You can also set the resources for your workspace:

![Resources](https://www.union.ai/docs/v1/union/_static/images/user-guide/core-concepts/workspaces/setting-resources.png)

These resources must be compatible with the resources available on your
Union cluster. Find the details of your cluster in the top-level dashboard:

![Cluster Compute Resources](https://www.union.ai/docs/v1/union/_static/images/user-guide/core-concepts/workspaces/byoc-compute-resources.png)

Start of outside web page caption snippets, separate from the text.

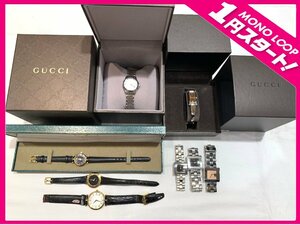 【8MU豊07021Ｅ】★1円スタート★GUCCI★グッチ★腕時計★ジャンク品★おまとめ8品★レディース★シェリーライン★3600L★3600J★1500L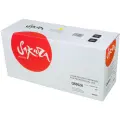 Картридж Sakura Q6002A, 2000, желтый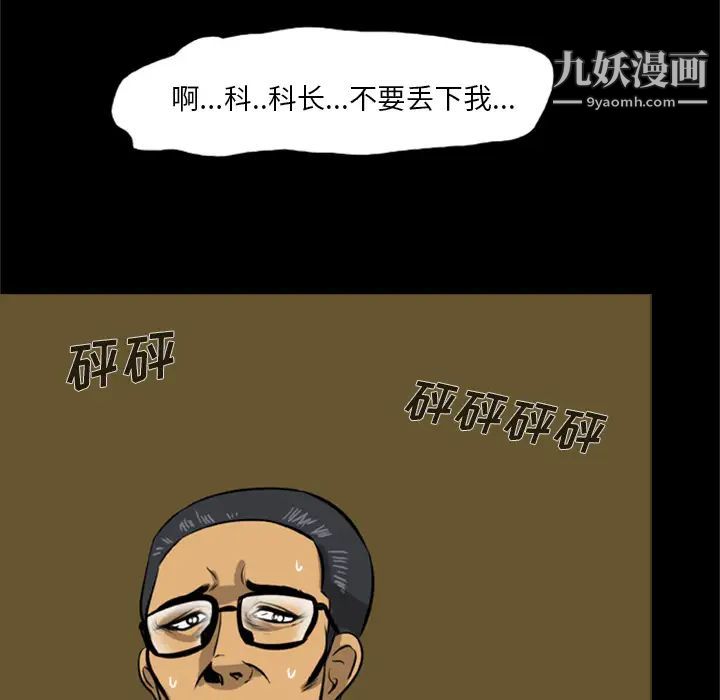 尸去本性第2话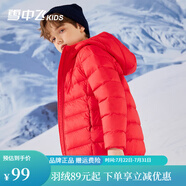 雪中飛童裝新品兒童羽絨服男童輕薄款中大女童連帽迷彩短款羽絨外套 中國(guó)紅 140
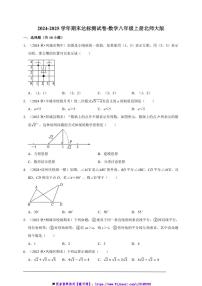2024～2025学年期末达标测试卷(含解析)～数学八年级上册北师大版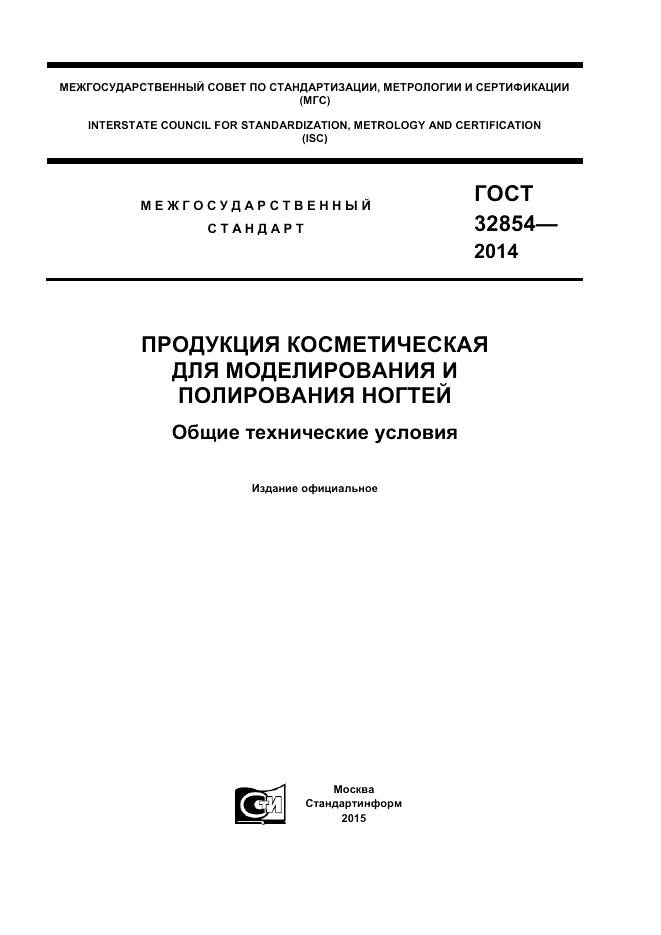 ГОСТ 32854-2014, страница 1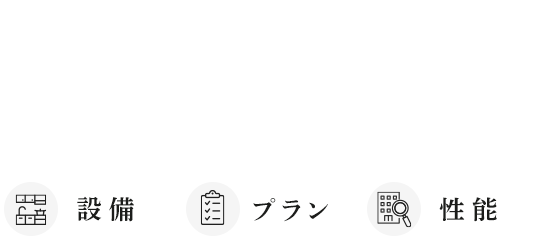 詳しく施工費用を知るならかんたん1分無料お見積り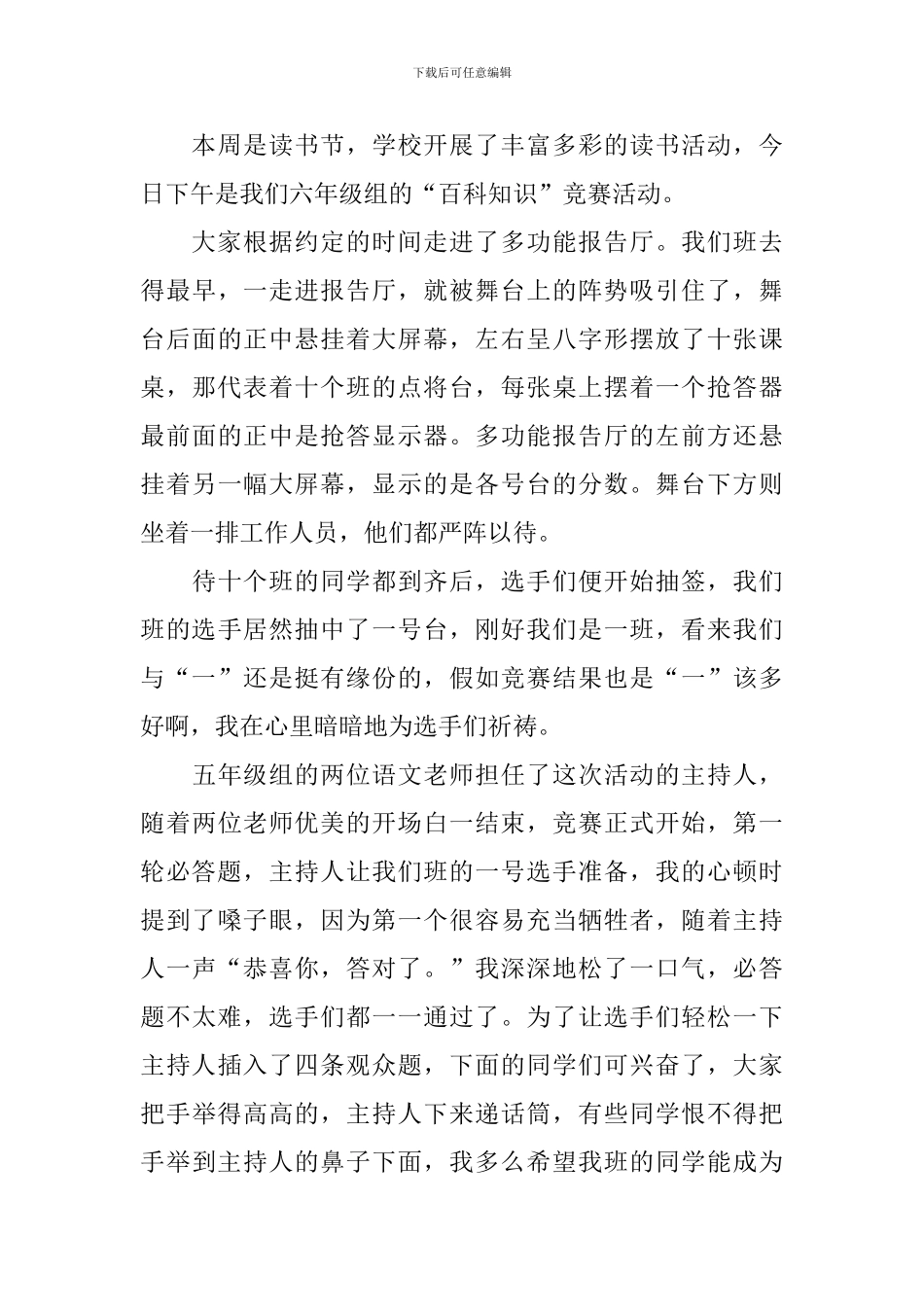 开展校园比赛活动的总结_第3页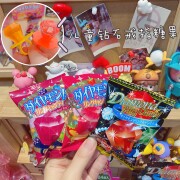 日本yaokin超香水果味可乐味钻石糖戒指糖儿童糖果 超美味~
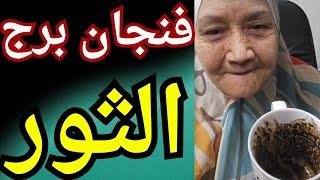 فنجان برج الثور اليوم بعد كل اللي وجع جاي لك بدايه جديده رد الكرامه انت مش ضعيف هيشوفك بكل قوتك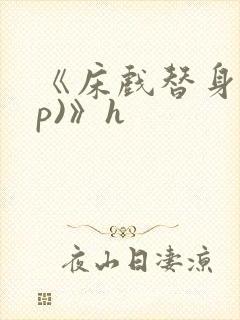 《床戏替身(np)》h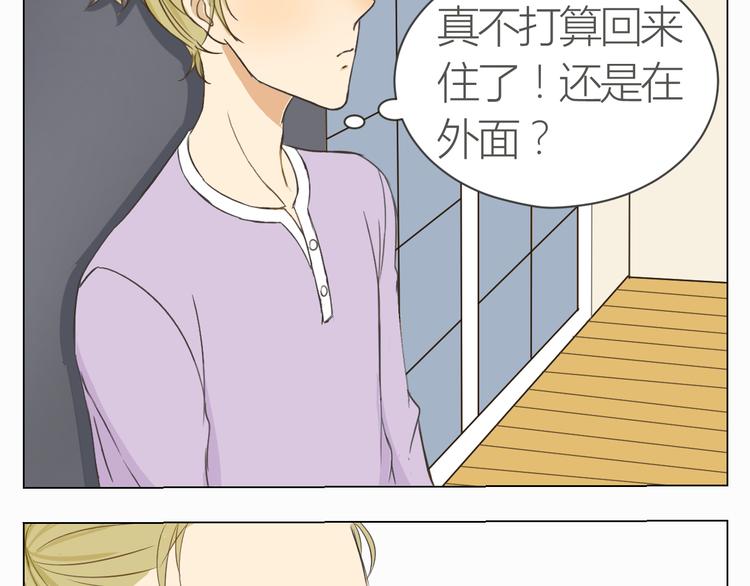 第14话 年年的意外11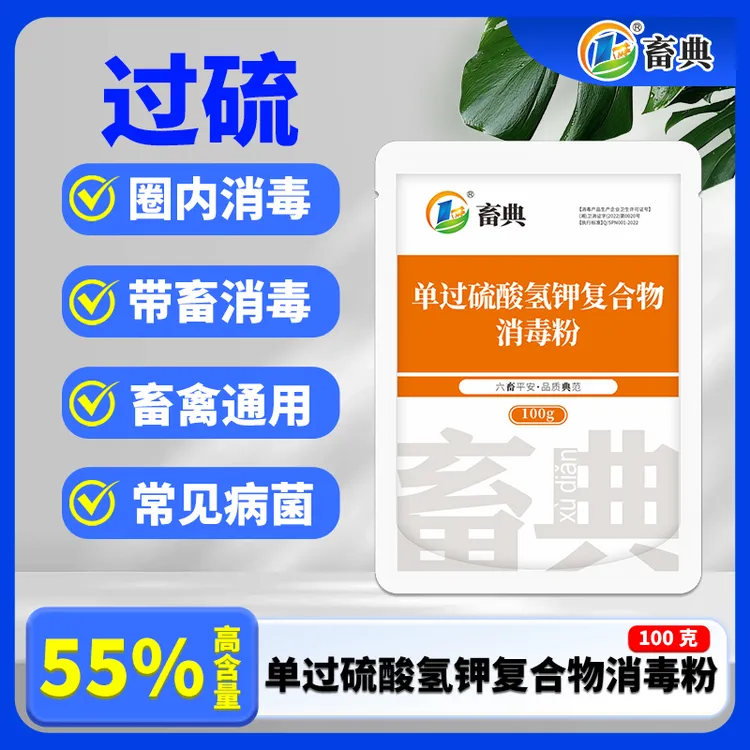【小村阿远专属买1送1】100g过硫酸氢钾可带畜消毒液家禽家畜用消毒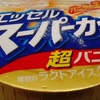 超バニラアイスクリーム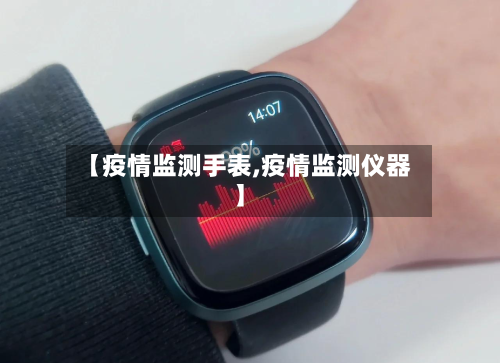 【疫情监测手表,疫情监测仪器】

You can choose [the GPU accelerator](./tasks/task-hardware-environment/accelerators) that corresponds to your available instance types. In the screen shot above, the accelerator
value is `nvidia-tesla-v100`.

### Specifying custom `on_startup` commands

If you need to run any commands like install additional dependencies or `wget`
a file from the web, specify custom `on_startup` commands:

![On Startup](https://www.union.ai/docs/v1/union/_static/images/user-guide/core-concepts/workspaces/customize-onstartup.png)

### Specifying custom container images

By default, the workspace will use a Union.ai-provided container image which contains
the following Python libraries:

- `union`
- `flytekit`
- `uv`
- `ipykernel`
- `pandas`
- `pyarrow`
- `scikit-learn`
- `matplotlib`

#### Specifying a custom container image in the UI

You can specify a pre-built custom container image by clicking on the **Container**
tab in the sidebar and provide the image name in the workspace creation form.

> [!NOTE]
> The minimum requirement for custom images is that it has `union>=0.1.166`
> installed in it.

![Custom Container](https://www.union.ai/docs/v1/union/_static/images/user-guide/core-concepts/workspaces/customize-container-image.png)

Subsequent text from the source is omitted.